Friday, March 4, 2016

Sand Opera Lenten Journey Day 24: Black Site Q + “Terra Incognita” by David Roderick

Sand Opera Lenten Journey Day 24: Black Site Q + “Terra Incognita” by David Roderick

Jesus replied, “The first is this:
Hear, O Israel!
The Lord our God is Lord alone!
You shall love the Lord your God with all your heart,
with all your soul,
with all your mind,
and with all your strength.

The second is this:
You shall love your neighbor as yourself.
There is no other commandment greater than these.”
--The Gospel of Mark

During my foray into Washington with Mark Nowak, I stopped into Bridge Street bookstore and browsed about, flipping through a recent book by philosopher Peter Sloterdijk about religion. In brief, if I’ve understood him correctly, Sloterdijk proposes that the major religions share in common a powerful injunction to stay faithful to God and the community and to the dogma which unites the community to God. For Sloterdijk, this is precisely why the problem of heresy and the question of loyalty become central concerns for institutional religion, and how violence and other modes of coercion come to play a role in “protecting” that dogma and that community. In other words, organized religion has historically employed the same sorts of coercions that other organizations have—from tribes to states, and within and beyond, in a transnational world, corporations, etc.

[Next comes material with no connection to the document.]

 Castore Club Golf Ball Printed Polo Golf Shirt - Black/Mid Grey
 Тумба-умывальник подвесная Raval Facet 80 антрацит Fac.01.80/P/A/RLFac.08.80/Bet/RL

I mention this because, in writing through this Lenten observance, I’ve found myself recoiling against some of the language of injunction, the language of fealty (rather than faith). Perhaps this is why I’ve often thought of the work of the poet/writer and the life of faith in an organized religion as a struggle of allegiances. Didn't the drive inside me to write emerge from a sense of the insufficiency and even violence of grand narratives—whether Christianity or Freudianism or Capitalism or American Empire? That even though I’ve lived inside and thought longest about the stories of the Bible than any other stories,  I’ve felt compelled—called even—to draw my own maps of understanding, to try to locate myself through language in entirely my own way? And yet, something causes me to return to those old stories again, as if they might contain some seed that has yet to bloom in me.

Today’s poem is “Black Site (Exhibit Q),” courtesy of Mohamed Farag Bashmilah, a Yemeni national who was arrested and “rendered” to various secret prison known as Black Sites. He felt compelled to draw maps of each place, as if by drawing these places he might make sense of this absurd and surreal thing that was happening to him. Also David Roderick’s “Terra Incognita,” that tries to make sense of the relative ignorance in which we find ourselves as Americans, in a world where black sites are hidden from our view, that promise to secure us but paradoxically imperil us in new ways.

 “Terra Incognita” by David Roderick

Counting scars of gum on the stairs down
from the Dome I briefly felt joy

even though I’d just read, in the World or Times,
that some of my fellow citizens

led men to warehouses or sites lost
in chalk republics, where they asked questions

in English and then, when they couldn’t grasp
the answers, zapped skin, brain, and bones

to kingdom come. While I drank like a lush
it happened. While I washed down

a pastry with a divine swipe of cheese inside.
My hunger deepened in rundown

churches and cabs. Spooning soup and eyeing
the news I thought being an American

isn’t like being from one of the old nations—
it’s not a gift exactly, but it’s also

not something to take lightly or give away.
I pictured dawn drawing over it,

the sun hammering its domes. The campaigns
were ramping up, yet here I was eating

fries in a piazza, watching boys loop string
around a pigeon’s neck. Mostly I got what I wanted,

forgot what I was, until a driver in dark glasses
turned to me and said, “Your people,

whoever they are, aren’t ready for a woman president,
let alone a black.” I said nothing and flogged

myself for days until, stomping up Vesuvius,
I sucked deep the fog that still smelled like ash.
Then I walked down again, thinking about all
those faces in the city below—what a shocking fate

for a single blast’s gas to settle on
that populace, to crumple like paper all its lungs.

-- David Roderick is the author of two books; his first book, Blue Colonial (2006), was chosen by Robert Pinsky as winner of the APR/Honickman Prize. The Pitt Poetry Series published Roderick’s second book, The Americans, in 2014. Roderick’s poetry has also been honored with the Campbell Corner Poetry Prize, a Dorothy Sargent Rosenberg Prize, and the Amy Lowell Traveling Scholarship. He teaches in the MFA Writing Program at the University of North Carolina at Greensboro.